▶ **WHAT THE TASK ASKS**: Would you give the listing again exactly as written, minus its pictures?

▶ **EXTRACTED ENTRIES**:
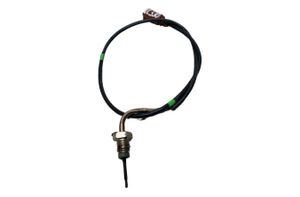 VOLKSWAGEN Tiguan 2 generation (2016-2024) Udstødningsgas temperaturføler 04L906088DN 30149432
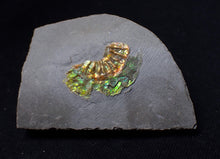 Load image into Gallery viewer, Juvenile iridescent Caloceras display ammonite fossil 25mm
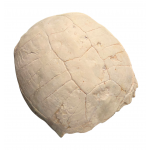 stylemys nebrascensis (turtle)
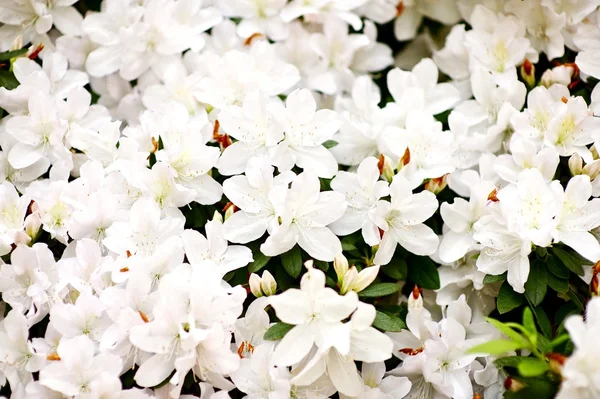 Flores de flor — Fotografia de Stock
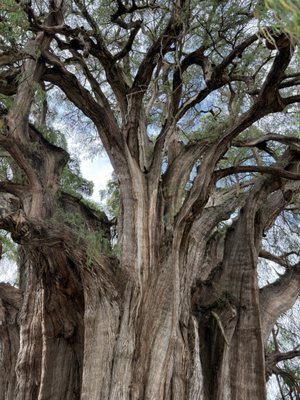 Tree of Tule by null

▶ **EXERCISE ANSWER**:
 VOLKSWAGEN Tiguan 2 generation (2016-2024) Udstødningsgas temperaturføler 04L906088DN 30149432
 Load image into Gallery viewer, Juvenile iridescent Caloceras display ammonite fossil 25mm
 stylemys nebrascensis (turtle)
 Flores de flor — Fotografia de Stock
 Tree of Tule by null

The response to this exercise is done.